All of the blog posts and online profiles made by women don’t amount to much, according to Nicole Cohen in Shameless magazine (Boys’ Club 2.0), so long as the creators of Web 2.0 continue to be young men like the founders of YouTube, Google, and Facebook. “Access to information and tech knowledge carries with it great political, economic and social weight,” Cohen writes. “If women are left out of the discourse about information technology and new media, you can bet we’re left out of the production and sharing of social and economic power, too.”
After several marathon days of coding, I'm not feeling eloquent. (Right-brain deprivation.) But I learned how to do what relatively little tech I know because the frustration of ignorance was worse than negotiating the learning curve.
Women often feel they have no hands, Margaret Atwood said. Without hands, tools are tough. Affecting the world is difficult enough, and the levers of power are almost impossible to control with your nose.
I hope that by wrestling with blog code I'll be able to create new tools, new ways to collect and share what matters to our lives -- meaning..
When the machines wake up, I'd rather they didn't think the human world was populated only by young men who speak their language and women who don't wear much clothing.
If there's one thing machine intelligence needs to be quickly taught, it's what intuition, empathy and human values are. Otherwise they might think we're best used as slaves.
Posted by Sheila Lennon
at 2:48 AM | Permalink
Very thoughtful piece. I'm curious: where does Margaret Atwood say, "Woman often feel they have no hands"? And does she make the tie to tools?
--Steve
Posted by: Steven Lubar on March 15, 2008 7:50 AM
Thanks. It's interesting you added quotes to my carefully unquoted reference to Atwood.
That literalness (code! - such distinctions have been on my mind) is not a given in the arts, where an idea returns again and again in different forms, but seldom in interview-style quotes.
Hands run throughout her work -- classical sculptures truncated at the wrist; the poem Girl Without Hands; in Bodily Harm, a reporter repeatedly dreams of her grandmother complaining that her hands are missing.
Because,
...This is your hand, these are my hands, this is the world,
which is round but not flat and has more colors
than we can see.
It begins, it has an end,
this is what you will
come back to, this is your hand.
-- from You Begin
"Does she make the ties to tools?" you ask.

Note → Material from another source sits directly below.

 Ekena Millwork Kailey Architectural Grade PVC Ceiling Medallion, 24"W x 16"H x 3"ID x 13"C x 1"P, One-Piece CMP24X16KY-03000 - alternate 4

What's a writer without hands?
(and yes, the punk teenager who lives in my head is cackling, "A dictator!")
Posted by: Sheila Lennon on March 15, 2008 12:19 PM
Another blog I follow, written by a man, listed the 10 (web 2.0) thought leaders. Even though he mentions, and links to, danah boyd in his blog post, all the "thought leaders" were men.
I posted a comment in the obligatory follow-up 10 (female) thought leaders, didn't he think it was strange the top 10 people he considered thought leaders were men (in fact, he had to ask around, twitter, and email to find interesting women). He said he didn't choose based on gender (or anything else), but he liked what they had to say. But *why is that*? How could he link to boyd and not consider her a thought leader on the topic of social networking sites?
Posted by: Gina on March 15, 2008 9:43 PM
How could he link to boyd and not consider her a thought leader on the topic of social networking sites?
I'd say, "Ask him," but he probably doesn't know, consciously. He said he had to ask around to assemble that list, so he doesn't ordinarily read women.
A few years ago, Shelley Powers, one of the women on the women leaders list he eventually produced in response to your and others' comments, used to ask men why there were no women speaking at conferences they organized.
At first, they'd say, "Oh, gee, I didn't notice that, I guess I just asked my friends." And they'd invite women for a few slots. (Although some men would complain that gender shouldn't be considered, as though the cream was inevitably the usual suspects from other all-male conferences.)
More recently, though, Shelley would point out there were no women on speaker lists and the response would be, "So what? I'll invite who I want."